The Queen has taken part in her first offical engagement since the funeral of her late husband, Prince Philip, as she makes a return to royal work.
The funeral took place on April 17 but the 95-year-old monarch remained in a period of royal mourning until 22 April, taking two weeks to grieve her husband.
The Queen did hold a private ceremony for a departing senior household member in that time, but on Tuesday, she carried out two audiences at Buckingham Palace, appearing via video link from Windsor Castle, where she is still living.

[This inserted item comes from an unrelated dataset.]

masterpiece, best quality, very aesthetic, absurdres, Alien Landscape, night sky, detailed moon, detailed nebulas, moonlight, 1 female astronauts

She was pictured smiling over the camera to Ivita Burmistre, who is the ambassador of Latvia, wearing a blue floral dress and a string of pearls.

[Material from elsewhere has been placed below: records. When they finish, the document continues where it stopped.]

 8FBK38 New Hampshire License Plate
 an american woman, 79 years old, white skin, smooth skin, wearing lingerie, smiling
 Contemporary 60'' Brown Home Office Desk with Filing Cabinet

During the two audiences, the Queen received Burmistre, who presented the Letters of Recall of her predecessor and her own Letters of Credence as Ambassador from the Republic of Latvia to the Court of St James's.

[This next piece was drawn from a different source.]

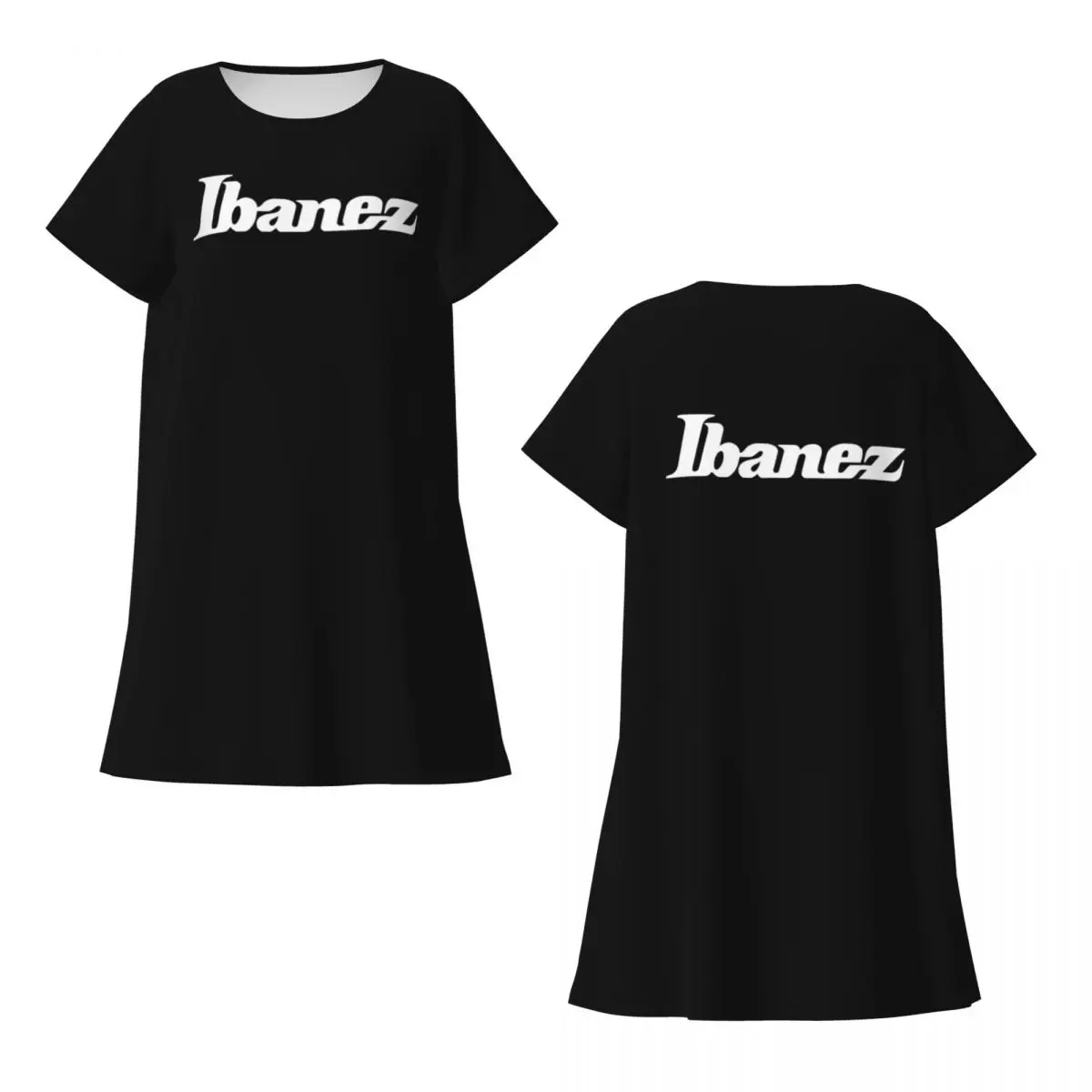 Custom Ibanez Guitars Short Sleeves Nightdress For Sleeping Sleepshirts Women Short Sleeve Nightgowns Soft Pajama Dress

A similar ceremony was then held for Sara Affoué Amani, who is the new ambassador from the Republic of Côte d'Ivoire.
During the funeral, the Queen had to sit alone in the quire of St George's Chapel, on the grounds of Windsor Castle, due to social distancing requirements.
Although she has continued to carry out some of her royal engagements, Tuesday's audiences were the first time she was pictured doing her work.
Her family members have also been making a return to work, with Prince William and Kate visiting air cadets in East Ham last week, while Princess Anne went to three hospitals in Gloucestershire, near her main home, to thank people for their work during the pandemic.
The Queen had to mark her birthday while in royal mourning this year, though the period came to an end just before her great-grandson Prince Louis's third birthday.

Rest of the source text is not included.